_ASSIGNMENT_
Copy out every record below with complete accuracy.
= = = =
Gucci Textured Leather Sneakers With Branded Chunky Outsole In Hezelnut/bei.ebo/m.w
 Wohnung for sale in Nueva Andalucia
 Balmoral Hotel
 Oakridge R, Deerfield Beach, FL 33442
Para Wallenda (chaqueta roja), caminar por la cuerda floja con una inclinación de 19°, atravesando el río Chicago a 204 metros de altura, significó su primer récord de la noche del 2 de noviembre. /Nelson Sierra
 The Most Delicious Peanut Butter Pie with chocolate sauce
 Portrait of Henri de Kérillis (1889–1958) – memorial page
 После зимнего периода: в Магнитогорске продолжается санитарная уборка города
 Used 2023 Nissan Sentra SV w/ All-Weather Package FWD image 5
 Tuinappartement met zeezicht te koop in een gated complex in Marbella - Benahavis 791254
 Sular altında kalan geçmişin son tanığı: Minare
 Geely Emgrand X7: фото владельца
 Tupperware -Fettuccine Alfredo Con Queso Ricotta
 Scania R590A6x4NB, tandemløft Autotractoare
= = = =
_SOLUTION TO THE PROBLEM_
Gucci Textured Leather Sneakers With Branded Chunky Outsole In Hezelnut/bei.ebo/m.w
 Wohnung for sale in Nueva Andalucia
 Balmoral Hotel
 Oakridge R, Deerfield Beach, FL 33442
Para Wallenda (chaqueta roja), caminar por la cuerda floja con una inclinación de 19°, atravesando el río Chicago a 204 metros de altura, significó su primer récord de la noche del 2 de noviembre. /Nelson Sierra
 The Most Delicious Peanut Butter Pie with chocolate sauce
 Portrait of Henri de Kérillis (1889–1958) – memorial page
 После зимнего периода: в Магнитогорске продолжается санитарная уборка города
 Used 2023 Nissan Sentra SV w/ All-Weather Package FWD image 5
 Tuinappartement met zeezicht te koop in een gated complex in Marbella - Benahavis 791254
 Sular altında kalan geçmişin son tanığı: Minare
 Geely Emgrand X7: фото владельца
 Tupperware -Fettuccine Alfredo Con Queso Ricotta
 Scania R590A6x4NB, tandemløft Autotractoare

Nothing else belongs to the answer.